**TASK DATA:**
════════════════

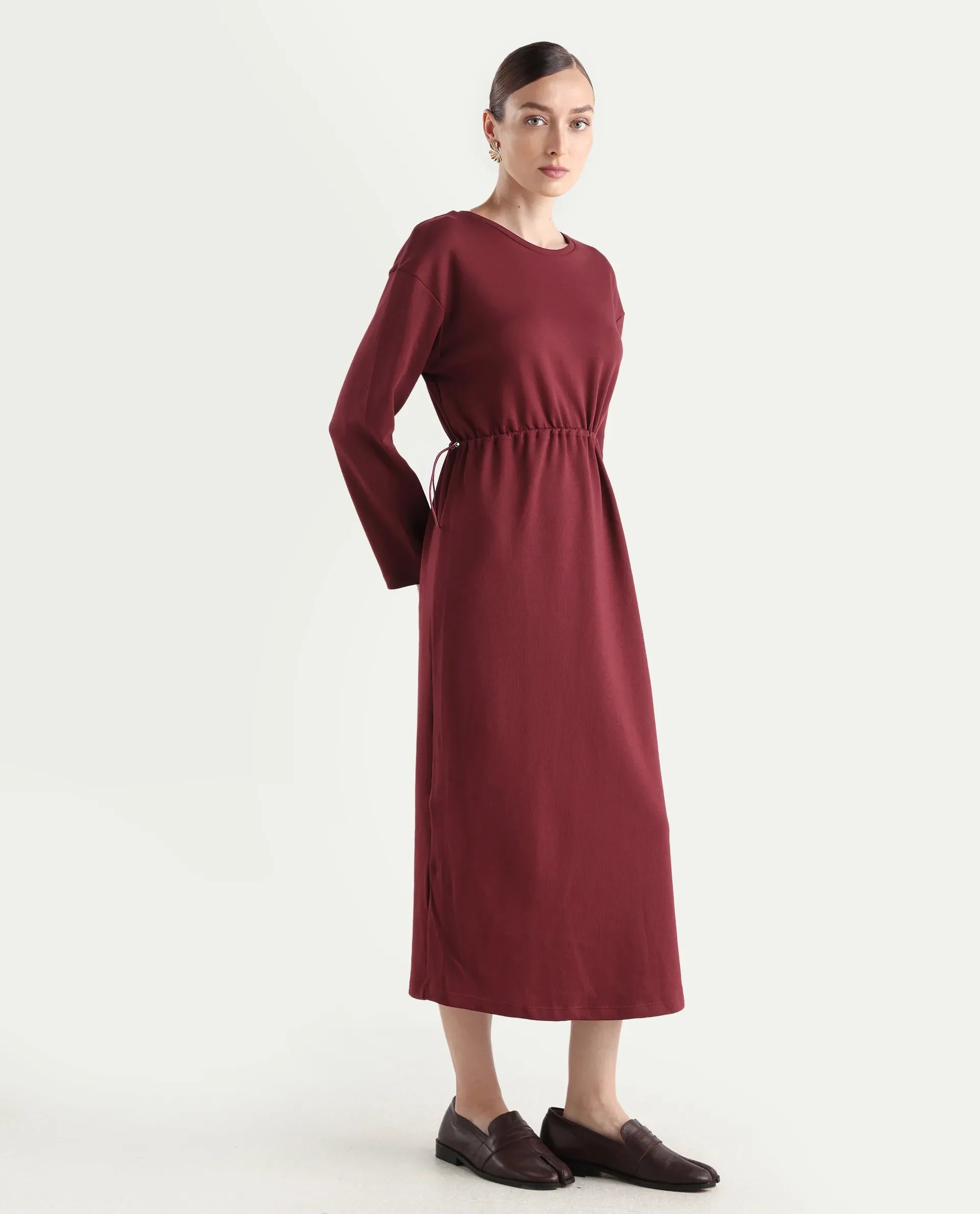 Rareism Women's Zarene Maroon Cotton Cotton Blend Crew Neck Plain Maxi Regular Fit Dress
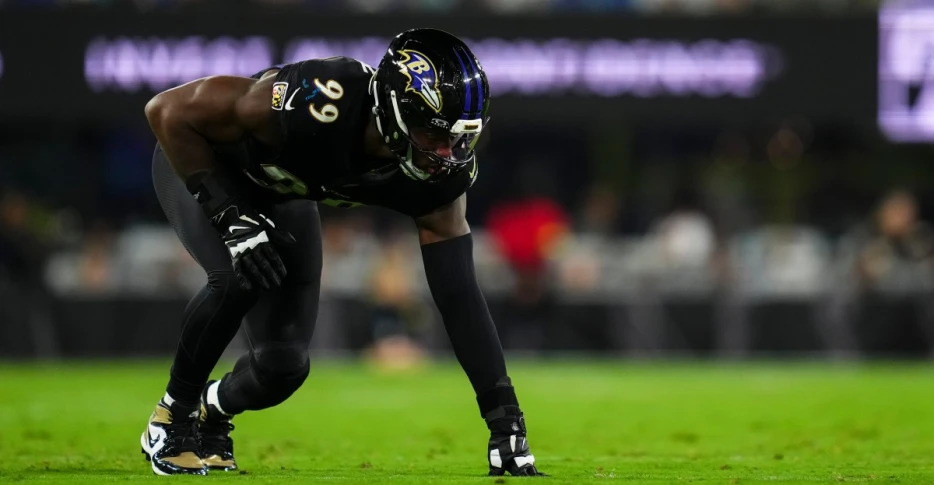 Ravens to trade OLB Odafe Oweh to Chargers
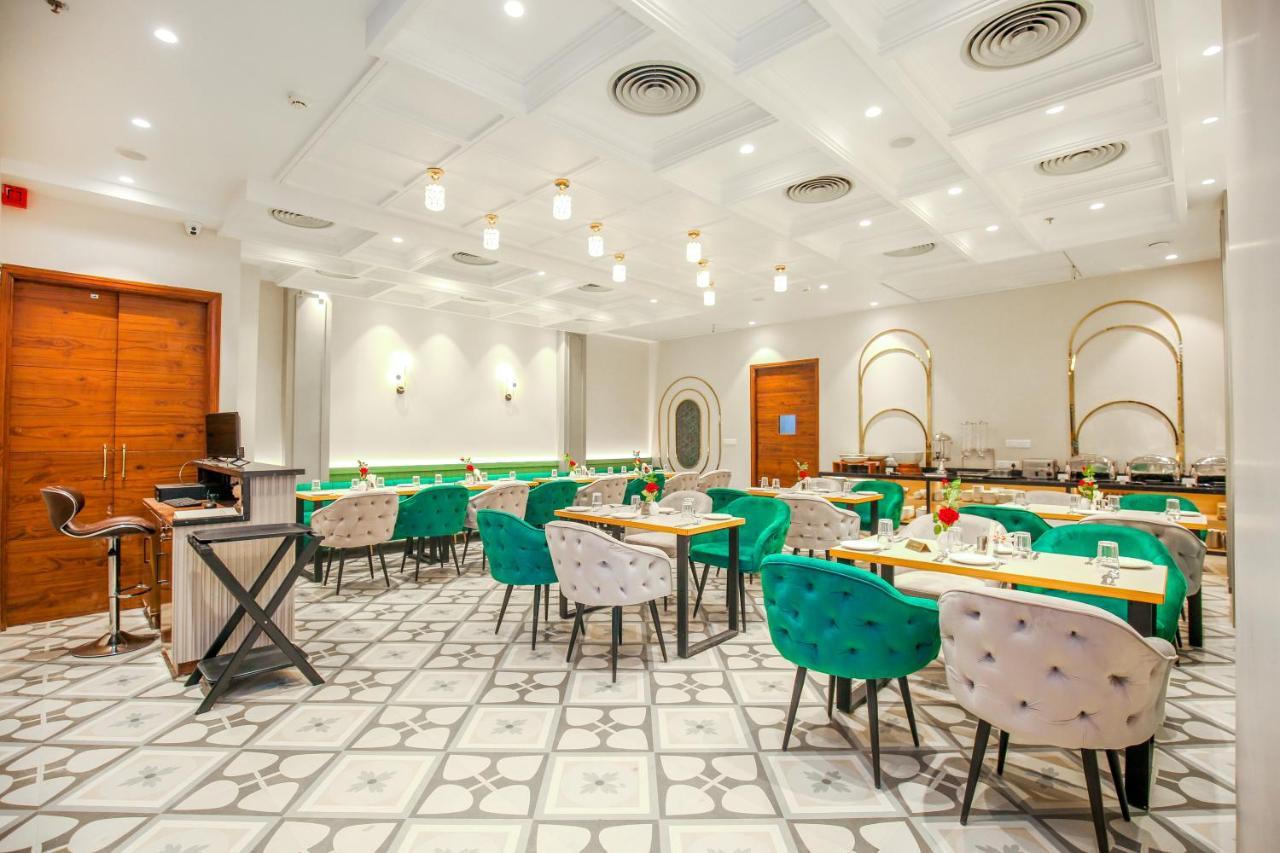 Hotel Euphoria Green Амритсар Экстерьер фото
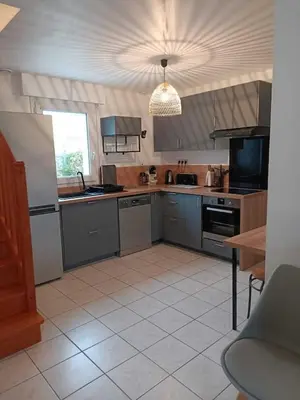 Cuisine ou kitchenette dans l'établissement La maison des vacances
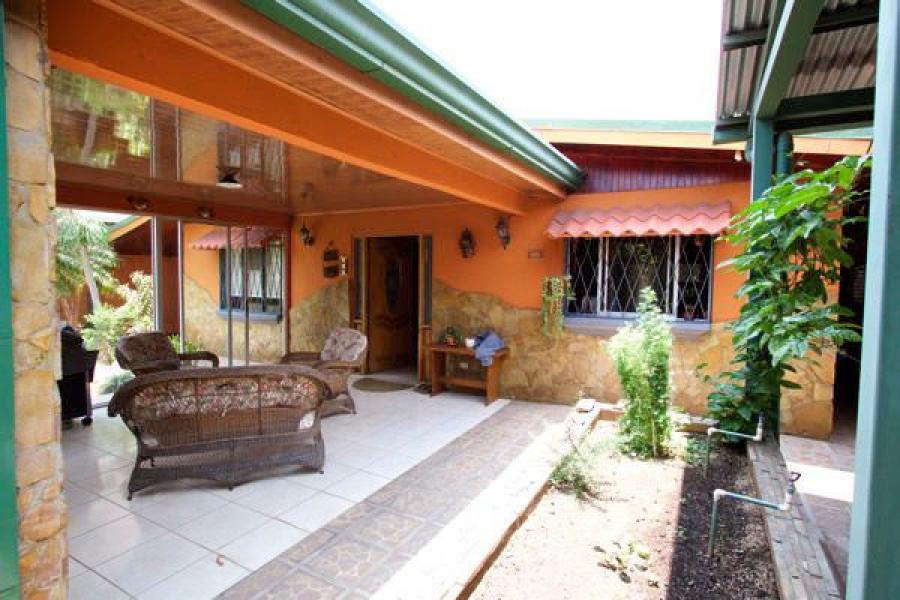 Foto Casa en Venta en Pozos, Santa Ana, San José - U$D 150.000 - CAV19158 - BienesOnLine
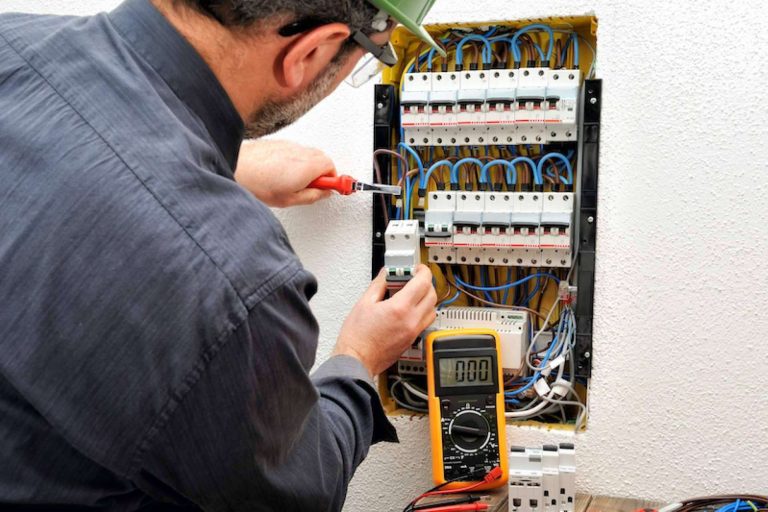 Nuevos magnetotérmicos estrechos IC40N de Schneider, de Cadenza Electric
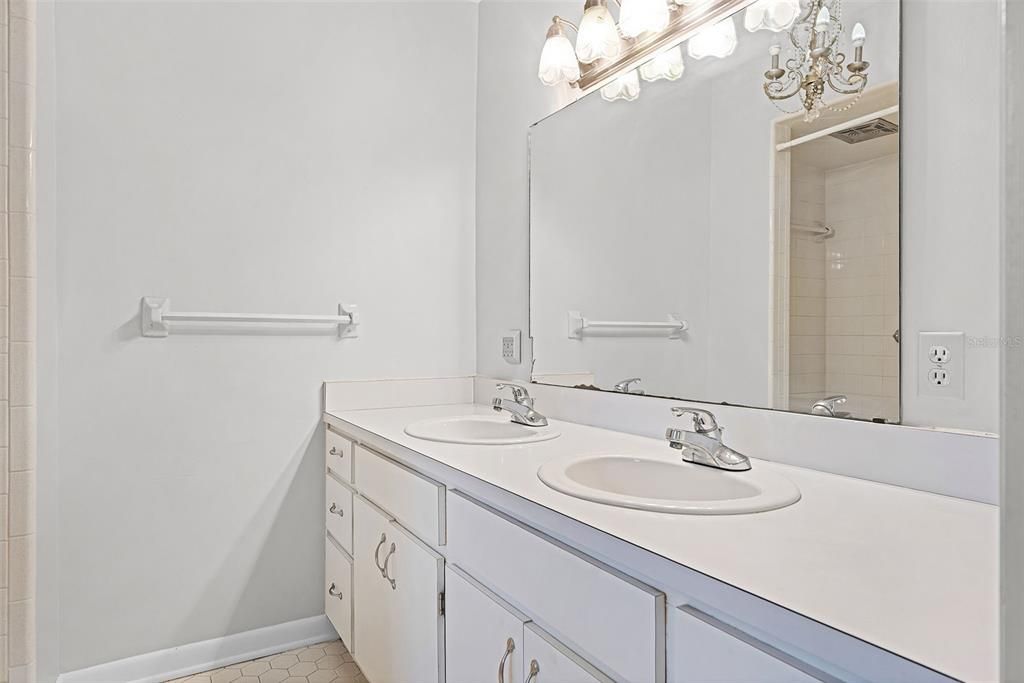 合同活跃: $750,000 (4 贝兹, 3 浴室, 2497 平方英尺)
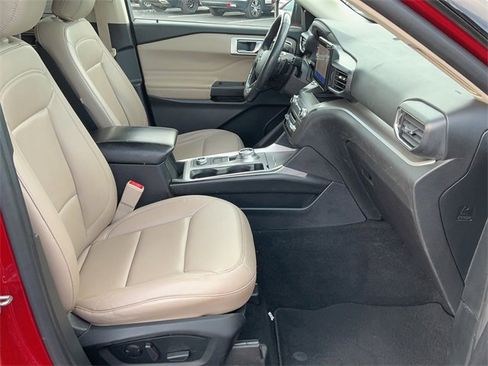 Used 2020 Ford Explorer XLT w/ Equipment Group 202A image 21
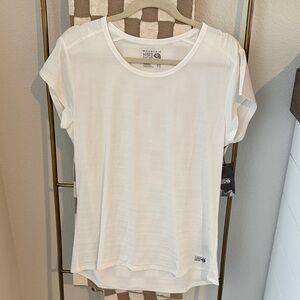 NWT Mountain Hardwear Women's Mighty Stripe short sleeve top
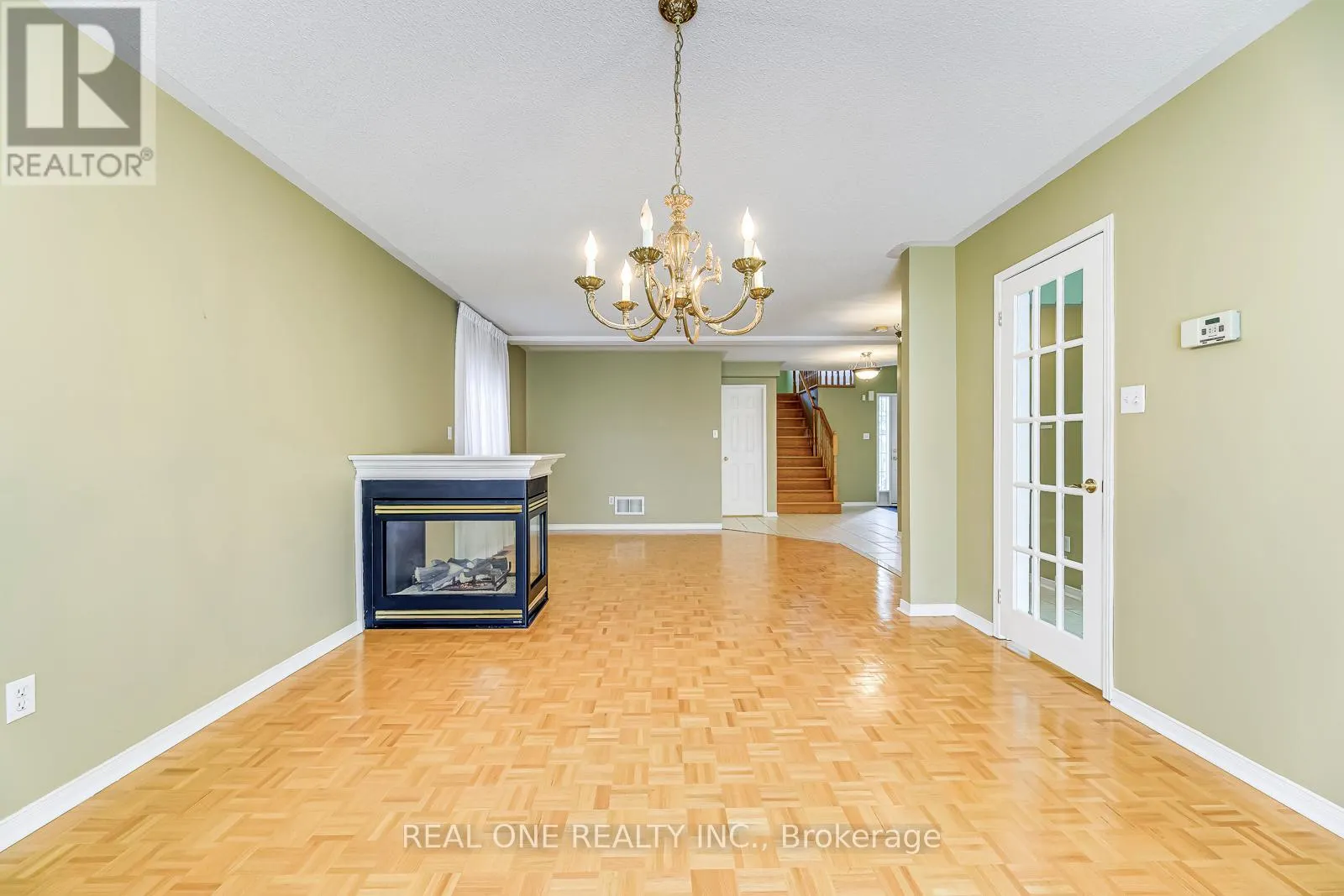 3857 RIDGEPOINT WAY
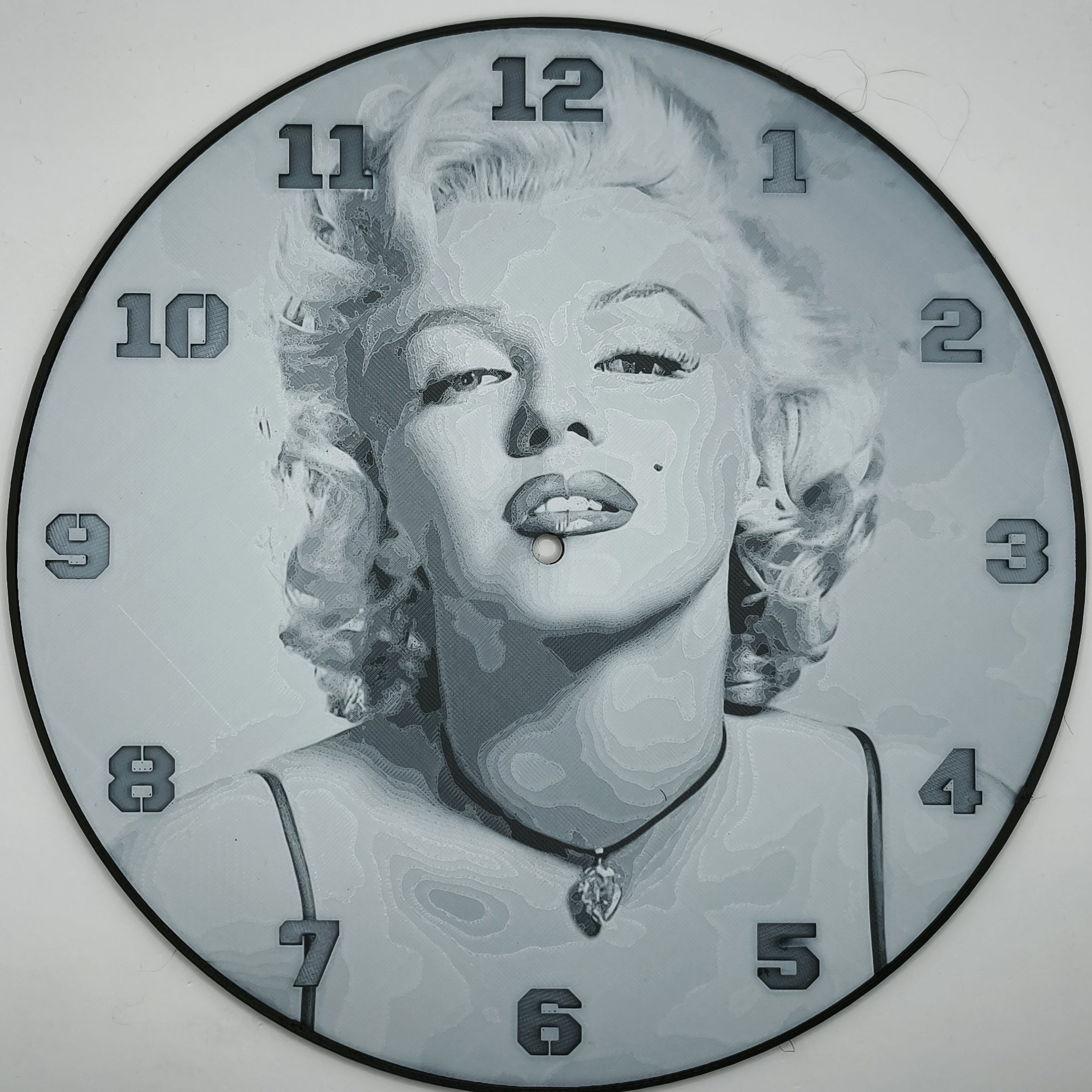 horloge_complete_Marilyn_Monroe_impression_3D_nombres_couleur_argent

════════════════

**TRY IT:** Reproduce all of the data exactly, omitting each picture it holds.

**REPLY:**
 Rareism Women's Zarene Maroon Cotton Cotton Blend Crew Neck Plain Maxi Regular Fit Dress
 Ravens to trade OLB Odafe Oweh to Chargers
 Hotel Euphoria Green Амритсар Экстерьер фото
 Cuisine ou kitchenette dans l'établissement La maison des vacances
 Foto Casa en Venta en Pozos, Santa Ana, San José - U$D 150.000 - CAV19158 - BienesOnLine
 Nuevos magnetotérmicos estrechos IC40N de Schneider, de Cadenza Electric
 合同活跃: $750,000 (4 贝兹, 3 浴室, 2497 平方英尺)
 Used 2020 Ford Explorer XLT w/ Equipment Group 202A image 21
 NWT Mountain Hardwear Women's Mighty Stripe short sleeve top
 3857 RIDGEPOINT WAY
 horloge_complete_Marilyn_Monroe_impression_3D_nombres_couleur_argent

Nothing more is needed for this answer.